[Data excerpts]
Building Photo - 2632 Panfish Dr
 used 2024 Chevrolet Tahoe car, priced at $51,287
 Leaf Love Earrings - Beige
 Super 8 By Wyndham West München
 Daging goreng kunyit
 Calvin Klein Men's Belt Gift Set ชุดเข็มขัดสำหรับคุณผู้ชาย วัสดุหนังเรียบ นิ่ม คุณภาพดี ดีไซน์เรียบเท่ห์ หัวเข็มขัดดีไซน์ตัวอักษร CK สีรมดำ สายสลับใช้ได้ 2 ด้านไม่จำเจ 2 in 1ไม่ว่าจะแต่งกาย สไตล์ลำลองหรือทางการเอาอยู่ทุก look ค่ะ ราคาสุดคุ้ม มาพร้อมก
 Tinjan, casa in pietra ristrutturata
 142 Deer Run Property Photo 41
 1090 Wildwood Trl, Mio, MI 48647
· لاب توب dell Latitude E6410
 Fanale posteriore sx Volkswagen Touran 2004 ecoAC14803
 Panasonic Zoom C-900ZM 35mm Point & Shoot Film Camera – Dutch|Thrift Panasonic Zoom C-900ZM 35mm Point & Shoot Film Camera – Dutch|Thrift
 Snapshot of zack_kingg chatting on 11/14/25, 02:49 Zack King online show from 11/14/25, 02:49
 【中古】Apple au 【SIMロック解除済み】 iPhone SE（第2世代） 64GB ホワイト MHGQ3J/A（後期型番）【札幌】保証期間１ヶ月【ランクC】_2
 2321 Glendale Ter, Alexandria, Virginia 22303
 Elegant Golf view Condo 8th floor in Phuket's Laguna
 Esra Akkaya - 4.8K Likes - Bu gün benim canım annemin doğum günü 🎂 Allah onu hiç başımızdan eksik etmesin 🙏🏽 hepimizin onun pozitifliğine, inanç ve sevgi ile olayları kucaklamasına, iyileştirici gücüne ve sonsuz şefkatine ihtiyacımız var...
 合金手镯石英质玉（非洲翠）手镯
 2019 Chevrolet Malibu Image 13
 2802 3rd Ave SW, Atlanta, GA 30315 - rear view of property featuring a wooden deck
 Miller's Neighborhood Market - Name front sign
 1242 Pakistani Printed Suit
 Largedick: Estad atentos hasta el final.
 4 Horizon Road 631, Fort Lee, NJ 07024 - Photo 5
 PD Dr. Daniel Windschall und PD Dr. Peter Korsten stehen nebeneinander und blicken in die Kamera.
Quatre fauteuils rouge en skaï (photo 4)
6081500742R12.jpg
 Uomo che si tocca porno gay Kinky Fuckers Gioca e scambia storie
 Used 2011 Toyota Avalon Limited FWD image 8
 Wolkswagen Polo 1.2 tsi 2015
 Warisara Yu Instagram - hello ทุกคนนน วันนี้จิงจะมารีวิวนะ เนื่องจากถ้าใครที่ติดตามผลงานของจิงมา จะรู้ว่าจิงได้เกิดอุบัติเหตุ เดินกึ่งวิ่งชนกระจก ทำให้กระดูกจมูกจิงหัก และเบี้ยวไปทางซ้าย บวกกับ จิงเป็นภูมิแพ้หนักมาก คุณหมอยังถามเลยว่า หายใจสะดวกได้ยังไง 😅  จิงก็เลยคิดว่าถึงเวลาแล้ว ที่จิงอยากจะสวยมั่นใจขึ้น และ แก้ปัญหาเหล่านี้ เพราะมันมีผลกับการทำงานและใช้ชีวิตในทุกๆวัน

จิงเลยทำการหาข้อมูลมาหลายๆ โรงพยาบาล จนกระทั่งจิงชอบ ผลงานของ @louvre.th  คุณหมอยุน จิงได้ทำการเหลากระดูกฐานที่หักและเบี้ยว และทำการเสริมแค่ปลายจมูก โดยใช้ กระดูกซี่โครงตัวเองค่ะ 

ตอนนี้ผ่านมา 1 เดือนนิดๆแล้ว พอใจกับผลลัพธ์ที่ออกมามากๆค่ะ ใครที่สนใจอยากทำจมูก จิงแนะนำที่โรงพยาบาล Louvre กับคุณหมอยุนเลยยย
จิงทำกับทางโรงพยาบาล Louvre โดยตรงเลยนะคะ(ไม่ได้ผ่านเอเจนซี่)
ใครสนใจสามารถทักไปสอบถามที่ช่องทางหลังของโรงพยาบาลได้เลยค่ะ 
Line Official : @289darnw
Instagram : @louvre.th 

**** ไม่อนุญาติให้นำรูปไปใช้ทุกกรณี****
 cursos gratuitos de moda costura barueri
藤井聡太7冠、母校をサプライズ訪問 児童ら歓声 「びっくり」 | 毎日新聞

## WHAT TO PRODUCE
Go through the records above and count the lines with the word "Instagram" in them. Answer with the number only.

## OUTPUT BELOW
2